DGE’s AI & Machine Learning For Drug Development Summit To Discuss How AI Can Accelerate Drug Development

With the right skills, suppliers, and foresight, the adoption of AI techniques is shown to accelerate drug pipeline development. To carry forward this important discussion, DGE is organizing the AI & Machine Learning for Drug Development Summit on August 25-26, 2022, as a virtual event. The event is hosted by Dynamic Global Events (“DGE”), a Life Science leader in organizing B2B events. The global event company caters to the dynamic informational and networking needs of the Pharmaceutical, Biotechnology, Healthcare, Medical Devices, and allied industries.  Pharmaceutical, biotech, and medical device professionals are invited to be a part of this event.

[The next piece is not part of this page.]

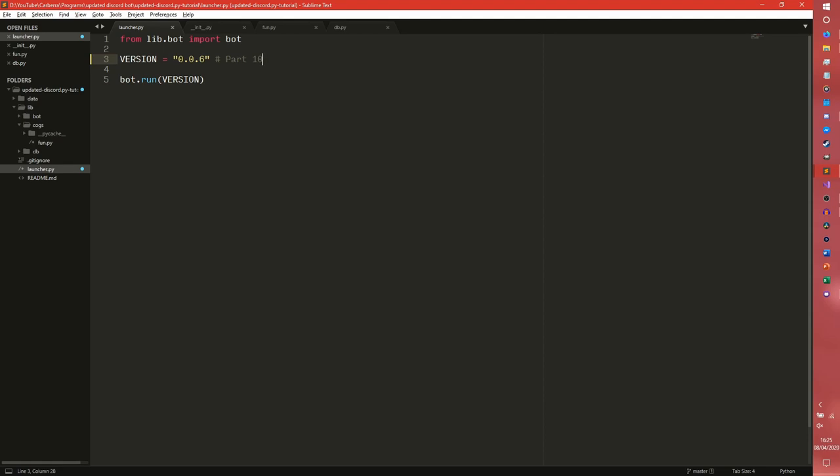Hey guys, my name is Ethan and this is Carberra. Welcome to the series where I teach you how to build Discord bots for your server. Today we are doing an introduction to commands, so let's get into it. The first thing you'll notice, I remembered to change the version number this time. I've also added a part 10 just so I know what part we're on.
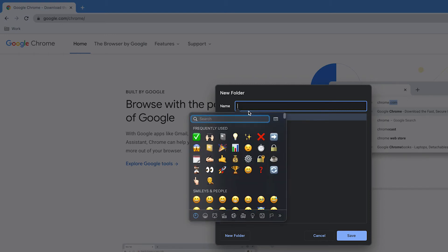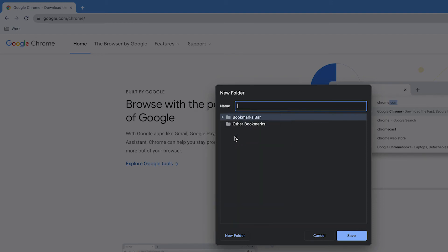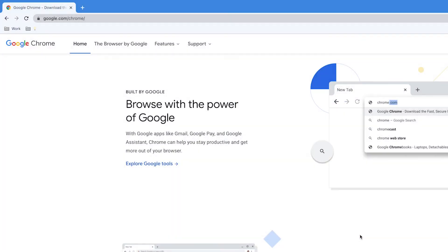So I might want to give it the bulb emoji to signify a bright idea, and then just save. You don't actually have to add any text; it can all just be the emoji. So there we go.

Eminent industry heads and experts will explain how AI and ML can accelerate drug design, target identification, lead optimization, and early safety assessments. Attendees will also learn about the challenges to streamlining AI concepts into a market-leading reality, and the associated expertise required. As per a report from Accenture, by the year 2026 big data will, in conjunction with machine learning and artificial intelligence, generate over $150 billion annually for the life science sector. Primary Topics Of Discussion:
  • Adopting proven AI and ML techniques to speed up timelines and allow for faster data gathering
  • Integrating effective technologies into the design to accelerate action items
  • Improving processes by using innovative ways to reduce workload and cost efficiencies
  • Establishing effective vendor management procedures
  • Dealing with the difficulties, and learningkey lessons, for post-COVID AI growth
  • Discovering AI/ML Drug Development Methodologies in Oncology
The event commences with the chairperson’s opening remarks, followed by a discussion on processing healthcare data to a sustainable digital transformation using semantic knowledge. Other important topics include harnessing data for real-world evidence to increase end-to-end drug development and values. Experts will also offer insights into learning the underlying computational methodologies that are broadly applicable and which can easily extend to many other areas of digital medicine. They will also offer tips on how to speed up use of AI in your organizational Infrastructure. Attendees will learn how AI, machine learning, deep learning, and big data analytics, are evolving to be a critical aid to precision medicine. Finally, attend the summit to learn how to develop truly effective strategies for collaboration, recognizing partnership potential, and developing better drugs. To learn more please visit https://ibn.fm/eoeKA.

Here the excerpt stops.